Retaining Wall Benefits
Waves and wakes constantly pushing against shore over time will cause the shoreline to begin to erode. This can be an inconvenient or even dangerous situation, if a structure is located nearby. An expertly-designed, well-maintained seawall prevents erosion of the shoreline.
Rising water levels due to heavy rains can cause ponds and lakes to overflow, potentially causing extensive flood damage to the property. A retaining wall protects the property from damage due to overflow.
Space & cost-saving solution
Retaining walls take up much less space than other shoreline solutions, like dikes, for example. Since less material and space are needed for the construction of a seawall, construction costs are typically lower than those incurred by traditional shoreline solutions.
Properly installed and maintained, a retaining wall can hold strong for over a hundred years. Of course, this will vary depending on environmental factors, but seawalls are longer-lasting than other solutions in any situation.
Basic Retaining Wall Maintenance
- Monitor plant growth around the base of the wall. Roots can burrow underneath the wall and cause cracks over time, so it may be necessary to weed the base of the wall regularly.
- Regularly check weep holes (openings in the wall that allow small amounts of water through the wall to prevent the pressure of water from overpowering the wall).
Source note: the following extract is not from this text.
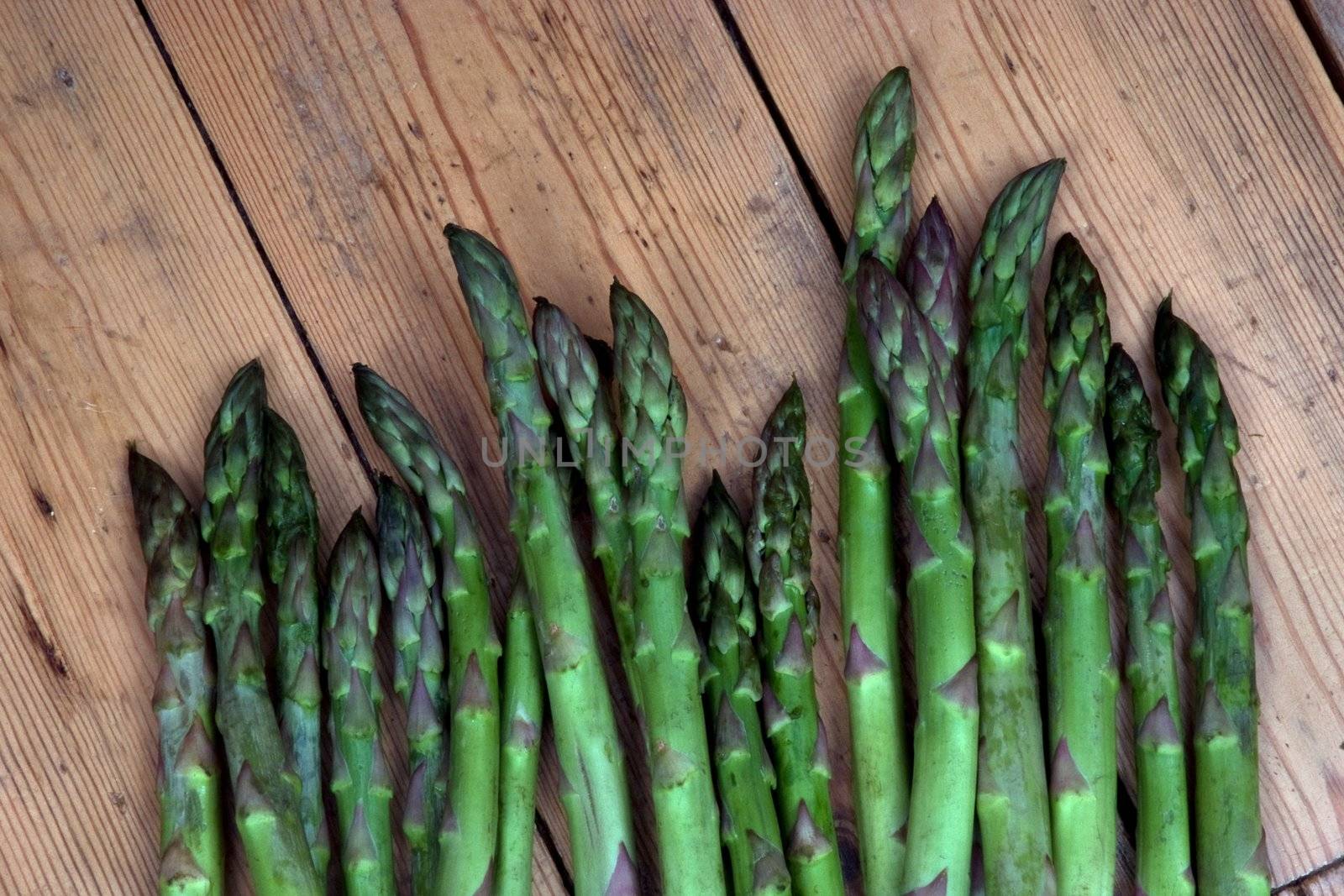 Asparagus heads on a bench in the garden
Make sure they’re not blocked or clogged for optimal performance.
- For added protection against erosion, apply a waterproofing solution to the wall. These solutions typically come in a spray applicator and provide an extra layer of waterproofing to ensure your wall lasts longer.
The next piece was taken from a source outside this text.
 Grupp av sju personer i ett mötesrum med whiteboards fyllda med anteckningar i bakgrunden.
Pond & Lake Retaining Wall FAQs
Do retaining walls need to be waterproofed?
Your retaining wall is only as functional as the design, construction and care allow. That said, while your wall is protecting your property from water intrusion, you will need to take steps to protect the wall from the impact of being constantly exposed to said water. This protection is two-fold: drainage and waterproofing.
It is crucial that your retaining wall is built with effective drainage in place; without proper drainage, hydrostatic pressure (water pressing against the wall) can eventually cause bulging, buckling, cracking or collapse of the wall. While good drainage is part of the design of the wall regarding granular backfill as well as installing a pipe in the base of the wall to feed excess water to storm drains, it is the homeowner’s responsibility to regularly check weep holes to ensure that they’re not clogged or blocked in any way.
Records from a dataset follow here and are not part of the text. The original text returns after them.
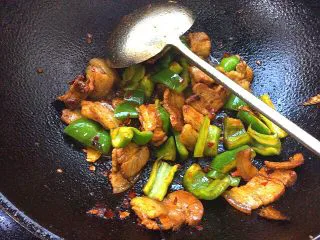 辣子蒜苗回锅肉,放入辣子翻炒，放少许生抽，料酒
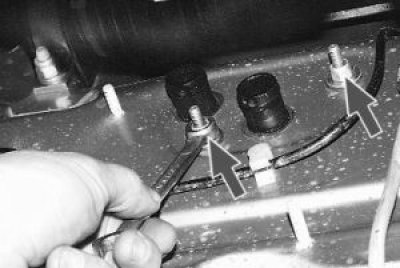 7. Remove the heater tap from the front shield.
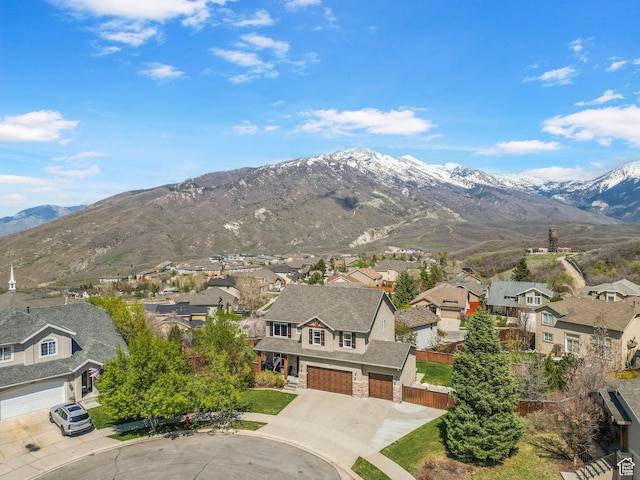 view of mountain background with nearby suburban area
Waterproofing the retaining wall protects the wall from absorbing moisture, which can cause discoloration as well as compromise the integrity of the wall. Waterproofing membranes function very much like the waterproofing used in basement walls. Fast Tilt’s walls are integrally waterproofed with agents made to withstand the elements of both below- and above-ground applications.
Why should I choose concrete over wood or cinder block for my pond/lake retaining wall?
Wood can be an affordable option for retaining walls along the shore of a body of water, but it is also much more susceptible to warping and decay due to being constantly in contact with water. This is exacerbated when used in salt water.
Cinder block is a strong material with high compressive strength, but block walls are more prone to leaks, buckling and bowing than poured concrete. Furthermore, a good cinder block wall requires the services of skilled bricklayers, which substantially increases the cost of labor.
Concrete is seamless, which presents an inherent advantage over block walls in both leak resistance and lateral strength. Reinforced poured concrete is stronger and more durable than any other material, allowing them to last for decades with very little maintenance. Additionally, a precast poured concrete retaining wall has unlimited design potential, so your wall can be as beautiful as it is functional.
Does homeowners insurance cover retaining walls?
It’s important to thoroughly understand your policy so that you know what is covered and what is excluded. In many homeowners insurance policies, incidents such as “earth movement” are typically specifically listed as an excluded event. These incidents can include sinkholes, earthquakes, erosion, heave, and expanding and contracting soil.
However, retaining walls are frequently considered to be a “detached structure” and therefore can be covered under a specific set of conditions. These conditions can include fire, wind, a vehicle striking the wall or lightning. This list is not exhaustive, so make sure you check your policy to become familiar with inclusions and exclusions in coverage.
While you can purchase earthquake and/or flood protection as an add-on to your homeowners insurance policy, this type of coverage won’t usually cover the mudslides or landslides often caused by earthquakes. Some insurers may offer additional coverage for erosion or earthquake damage, but coverage is often very limited. Your best option is to sit down with an insurance agent to ensure that you have and understand all the coverage you need to feel comfortable.
How much does a retaining wall cost?
Pricing will vary depending on many factors, such as location, length and height of the wall, grading of the land and materials used. That said, the average cost of a poured concrete retaining wall in the United States is $20-25 per square foot. Again, the final pricing will be heavily dependent on the aforementioned factors. If you’d like Fast Tilt to provide an onsite estimate, please contact our office.
Can I build my own retaining wall?
You can, but unless you’re a construction expert, the chances of premature failure is sharply elevated. In addition, there are permitting requirements, which vary from county to county, but typically, any retaining wall taller than 3 feet will require a building permit issued by the county. You’ll also need to call local utility companies to come out to the build site and check for buried electrical or plumbing components which could be damaged by digging the wall’s trench.
Should you decide to build a retaining wall, you’re often obligated to consider how your wall will affect your neighbors, especially if your property is downhill from your neighbors due to grading on your part. Any land grading creates alterations in the natural water flow and thus must be leveled by the downhill homeowner. This will vary depending on your county ordinances and other considerations, so check with your county building code office.